Andy Brennan

Personal information
- Date of birth: 1 April 1993 (age 33)
- Place of birth: Hobart, Tasmania, Australia
- Positions: Winger; striker;

Team information
- Current team: Bayside Argonauts
- Number: 10

Youth career
- South Hobart

Senior career*
- Years: Team / Apps / (Gls)
- 2010–2012: South Hobart /  / (56)
- 2013: Bentleigh Greens / 0 / (0)
- 2014: South Hobart / 21 / (25)
- 2015: South Melbourne / 15 / (4)
- 2015–2017: Newcastle Jets / 5 / (0)
- 2017: Bentleigh Greens / 27 / (5)
- 2018: South Melbourne / 11 / (2)
- 2018: Oakleigh Cannons / 15 / (4)
- 2019: Green Gully / 18 / (2)
- 2020: Hume City / 5 / (0)
- 2020: South Hobart / 10 / (0)
- 2021: Hume City / 17 / (4)
- 2022–2025: South Melbourne / 93 / (4)
- 2026-: Bayside Argonauts / 1 / (0)

= Andy Brennan =

Australian footballer (born 1993)

Andrew Brennan (born 1 April 1993) is an Australian professional soccer player who plays as a winger or striker for Bayside Argonauts.

In May 2019, Brennan came out as gay, becoming the first openly gay Australian male footballer.

==Career==
Brennan joined the Newcastle Jets on 29 April 2015 from National Premier League side South Melbourne, signing a two-year deal.

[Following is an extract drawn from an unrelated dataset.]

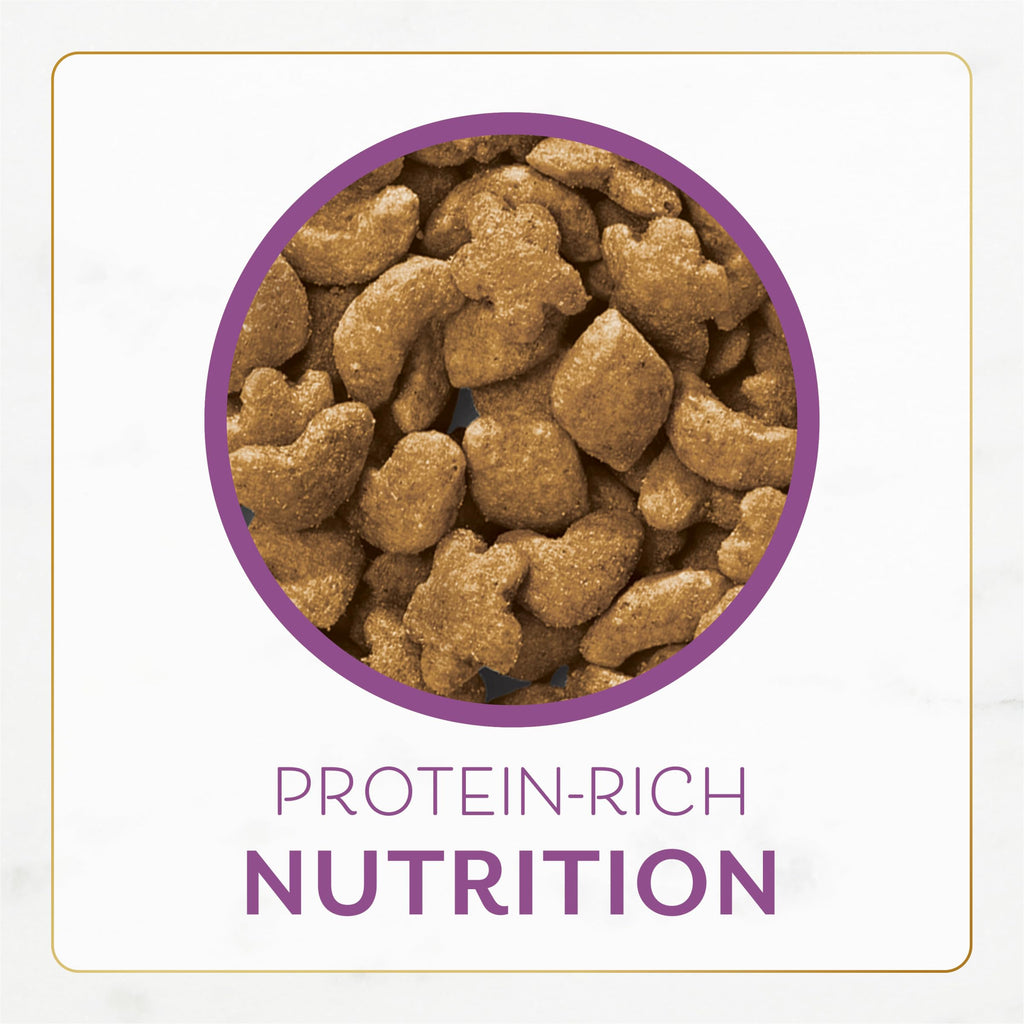 Chicken & Turkey Dry Cat Food 3lb Bag T2549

Due largely to ongoing injury problems, Brennan was forced to wait until 26 March 2016 to make his A-League debut against Perth Glory, replacing Mitch Cooper in a 2–1 loss. Brennan went on to make a total of three appearances in his maiden A-League season, all off the substitutes' bench.

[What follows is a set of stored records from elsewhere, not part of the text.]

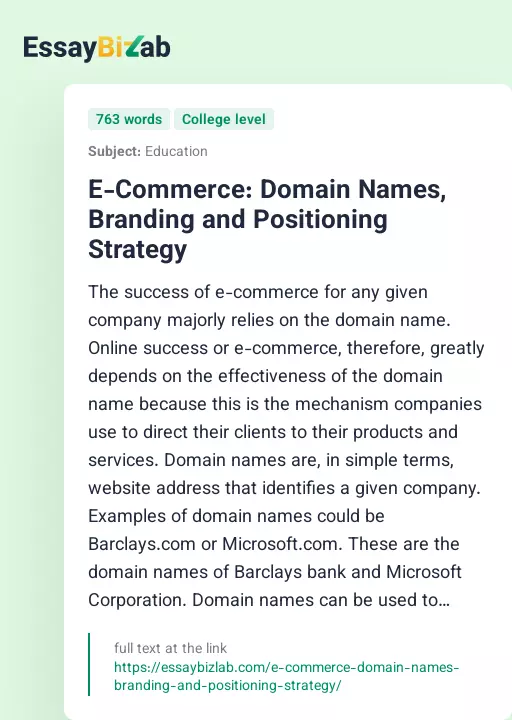 E-Commerce: Domain Names, Branding and Positioning Strategy - Essay Preview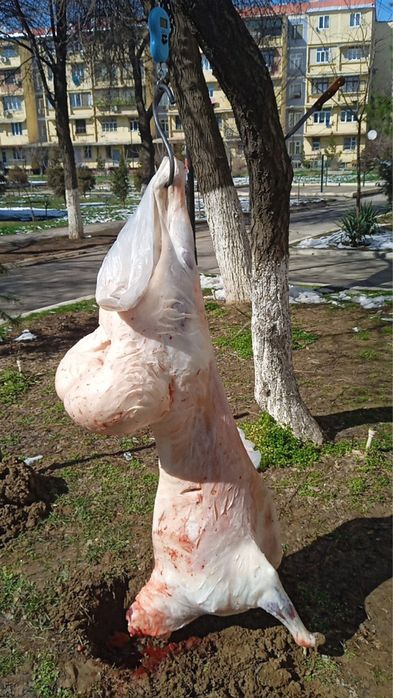 Qo’chqorlar, qassob xizmati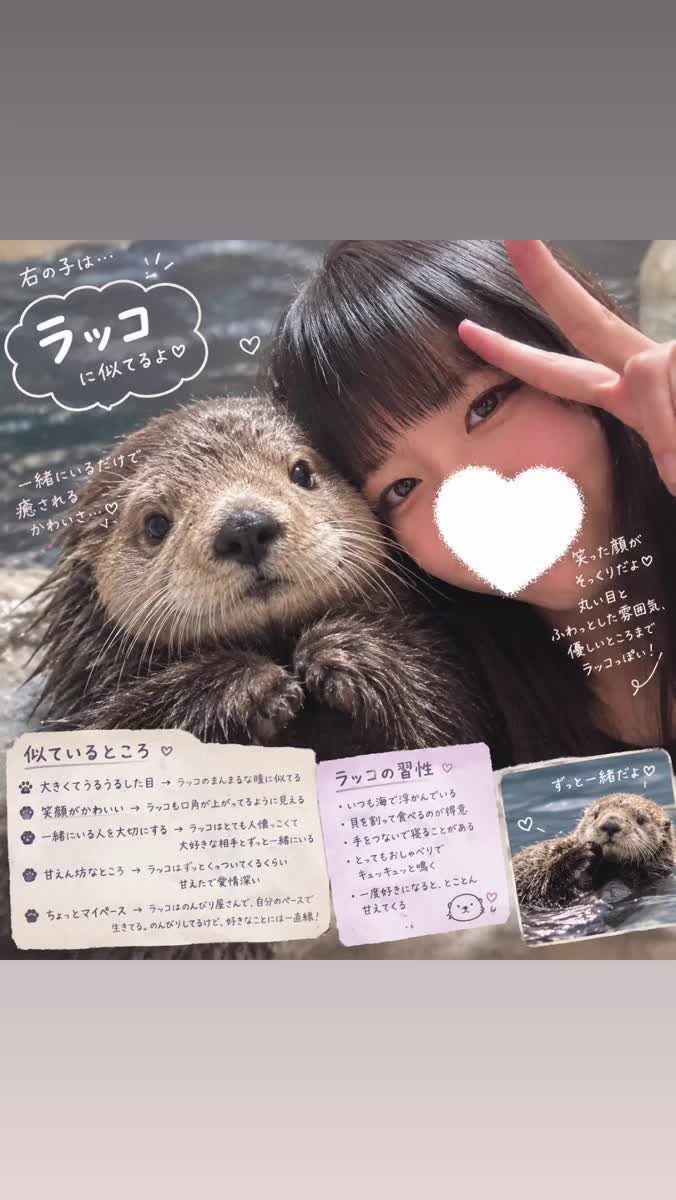 らっこさん🦦ꕀ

On 19 January 2017, it was announced that Brennan had parted with the Jets by mutual consent. He made a total of five A-league appearances during his time with the Jets. He then returned to Bentleigh Greens SC in the Victorian Premier League.

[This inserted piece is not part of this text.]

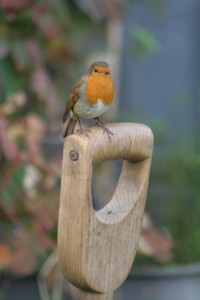 an allotment companion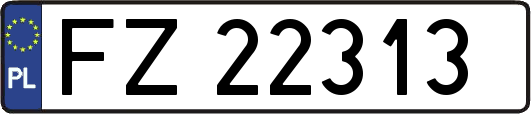 FZ22313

In November 2018, Brennan signed with Green Gully of the NPL Victoria League.

==Personal life==
In an interview with the Herald Sun, Brennan came out as gay. He had previously dated women, but had been unsure of his sexuality for years, stating that it had been a "mental burden". Brennan is the first male Australian footballer to come out as gay, and one of only a few openly gay players playing professionally.